Certifications are extra recognitions. If you’re certified in a particular area you can be considered an expert. You by earning certifications to prove it. You’ll gain certifications by passing a test to prove your knowledge and skill in that topic. More certifications can make you eligible for a higher HVAC salary and better job opportunities!
Some jobs even require that the applicants are already certified in that area, like refrigeration, for example. The more certifications you have, the more flexible you will be to get some of the best HVAC jobs and highest salaries in CT.
These are some of the common certifications for HVAC workers:
- EPA Type III Certification – For servicing low pressure systems, chillers
- EPA Type II Certification – For servicing high pressure systems, residential air conditioning and refrigeration units, heat pumps
- EPA Type I Certification - For servicing small appliances, air conditioners, domestic refrigeration, vending machines
- Universal EPA Certification – Covers all of the above
- EPA 608 Certification (Refrigerants) - For handling refrigerants including service, repair, installation and disposal
Since refrigeration is one of the important aspects of the job, certifications like the EPA 608 are important to make sure that you can complete any jobs you might come across.
The largest HVAC/R technician organization is called North American Technical Excellence, NATE for short.
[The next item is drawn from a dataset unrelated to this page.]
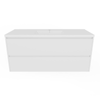 Forme 1200mm White Razor Wallhung Vanity With Porcelain Top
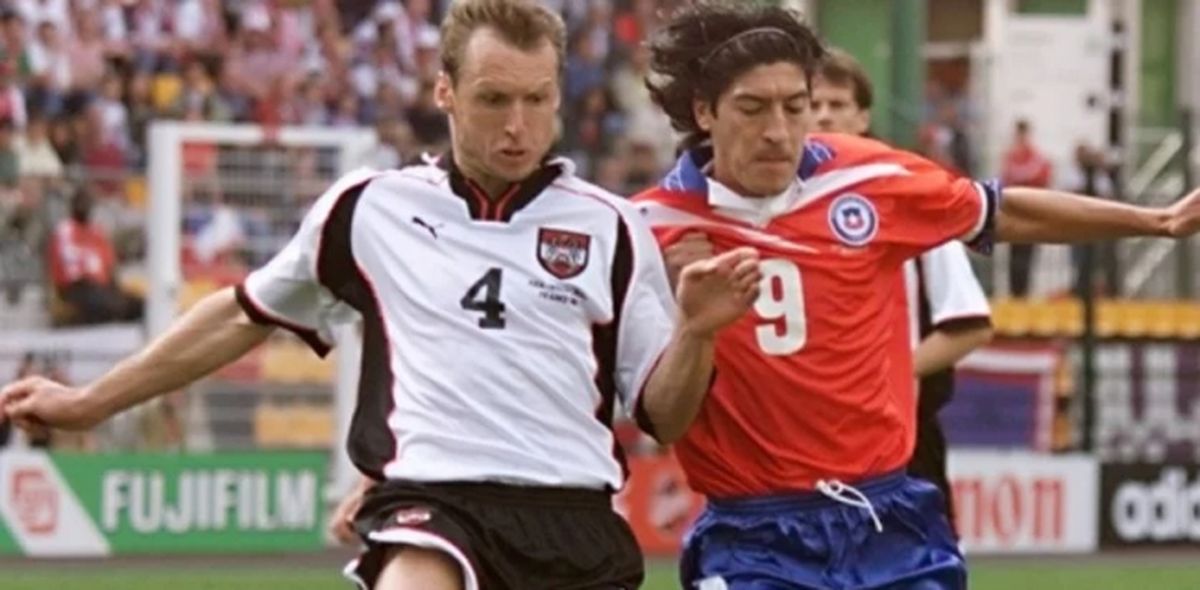 Austria y Chile empataron 1 a 1 en el Mundial de Francia 1998.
It is a non-profit organization that is made up of HVAC technicians and represents the HVAC/R industry. NATE gives different levels of certifications including:
- #1) Ready to Work Certification
- #2) HVAC Support Technician
- #3) NATE Certification: Core and Specialty Tests
- #4) Senior Level Efficiency Analyst Certification
- Certified HVAC Professional (CHP-5)
You can find more information about HVAC certifications in Connecticut at the NATE website.
Other Professional HVAC/R Organizations
In Connecticut, and in the United States in general, there are many other HVAC professional organizations.
These organizations are likely to be a very valuable resource as you continue in your HVAC career. They can provide education, collaboration, networking and other information to working HVAC technicians. You could even start getting involved when you are still in HVAC training school!
Here is a list of some of the professional HVAC organizations. Most of them have chapters in Connecticut.
- Air Conditioning Contractors of America.
- Air Movement and Control Association (AMCA).
- American Society of Heating, refrigeration, and Air Conditioning Engineers (ASHRAE).
- Consortium for Energy Efficiency (CEE1).
- HVAC Excellence.
- International Institute of Refrigeration.
- Plumbing Heating Cooling Contractors Association (PHCC).
- Radiant Professional Alliance.
- Refrigeration Engineers Society (RSES).
- Refrigeration Engineers and Technicians Association (RETA).
- Sheet Metal and Air Conditioning Contractors’ National Association (SMACNA).
- United Association (UA).
- Women in HVACR.
Occupational Information Network
Another valuable resource is the Occupational Information Network (ONet). This nation wide website has a wealth of information on HVAC/R careers in Connecticut and other states as well as educational resources. Here you could find information about HVAC knowledge and skills, job opportunities, HVAC worker salary, and links to other sources.
Explore the ONet site early and often in order to keep up with changes and keep an eye on job opportunities. When you complete your HVAC education at school in Connecticut, you may be able to get connected to your first job through ONet.